In 1874, after Chadbourne had left UW-Madison, education was desegregated, and men and women began to share classes. It was then that Ladies Hall stopped housing classes and became just a women's dormitory. In 1901, Dean Edward A. Birge, after quite a bit of coercing, renamed Ladies Hall to "Chadbourne Hall," in honor of President Chadbourne. The current Chadbourne Residential College, built in 1959, stands where the old Chadbourne Hall previously stood. The Chadbourne facility was occupied by women only until 1995, when it opened its doors to coeducational living.

The housefellow program was put into effect in 1926. With the opening of Tripp and Adams halls that same year, the Dormitory Committee decided to create a system of student advisers as the proponents of educational programs in the dorms. The name "housefellow" comes from the combination of the "thirty-man subunits or 'houses' within the dorm halls and the instructional responsibilities of the academic graduate 'fellows,' the male student advisers."
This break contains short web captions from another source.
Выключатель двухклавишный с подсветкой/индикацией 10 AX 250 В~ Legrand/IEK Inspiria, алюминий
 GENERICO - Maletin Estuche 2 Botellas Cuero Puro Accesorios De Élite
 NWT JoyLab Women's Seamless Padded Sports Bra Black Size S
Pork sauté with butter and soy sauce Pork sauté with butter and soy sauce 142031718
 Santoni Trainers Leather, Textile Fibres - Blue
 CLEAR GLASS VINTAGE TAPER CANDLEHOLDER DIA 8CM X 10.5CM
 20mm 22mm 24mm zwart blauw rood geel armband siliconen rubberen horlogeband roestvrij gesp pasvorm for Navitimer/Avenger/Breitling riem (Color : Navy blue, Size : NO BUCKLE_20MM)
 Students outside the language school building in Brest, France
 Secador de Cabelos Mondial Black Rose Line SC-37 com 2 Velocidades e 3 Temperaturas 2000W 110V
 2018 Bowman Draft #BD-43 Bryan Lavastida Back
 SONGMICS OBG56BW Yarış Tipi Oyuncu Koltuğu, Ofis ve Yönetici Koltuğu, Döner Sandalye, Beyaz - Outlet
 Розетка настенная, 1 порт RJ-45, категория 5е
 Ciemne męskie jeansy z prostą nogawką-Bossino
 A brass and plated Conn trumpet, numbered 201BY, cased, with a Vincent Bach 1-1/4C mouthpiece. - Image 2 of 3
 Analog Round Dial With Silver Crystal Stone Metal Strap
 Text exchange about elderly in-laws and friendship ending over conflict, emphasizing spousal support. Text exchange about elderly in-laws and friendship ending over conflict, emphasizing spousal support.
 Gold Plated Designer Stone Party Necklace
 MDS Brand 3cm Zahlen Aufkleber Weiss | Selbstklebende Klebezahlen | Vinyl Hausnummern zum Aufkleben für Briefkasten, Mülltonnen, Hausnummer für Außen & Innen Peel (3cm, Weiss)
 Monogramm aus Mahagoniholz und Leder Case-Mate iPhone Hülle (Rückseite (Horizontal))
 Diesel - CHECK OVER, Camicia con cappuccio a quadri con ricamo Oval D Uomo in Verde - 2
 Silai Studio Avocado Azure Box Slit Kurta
The housefellow program was initially led by graduate students. In-state resident housefellows received room and board, and out-of-state resident housefellows received a nonresident student tuition waiver as compensation. The housefellow system lasted like this until 1971, when the university stopped giving out-of-state tuition waivers. This was a major downfall, since most of the graduate students who were housefellows were not from Wisconsin. This, in collaboration with increased federal research grants and the rising need for teaching assistants, allowed undergraduate students to emerge into the housefellow program.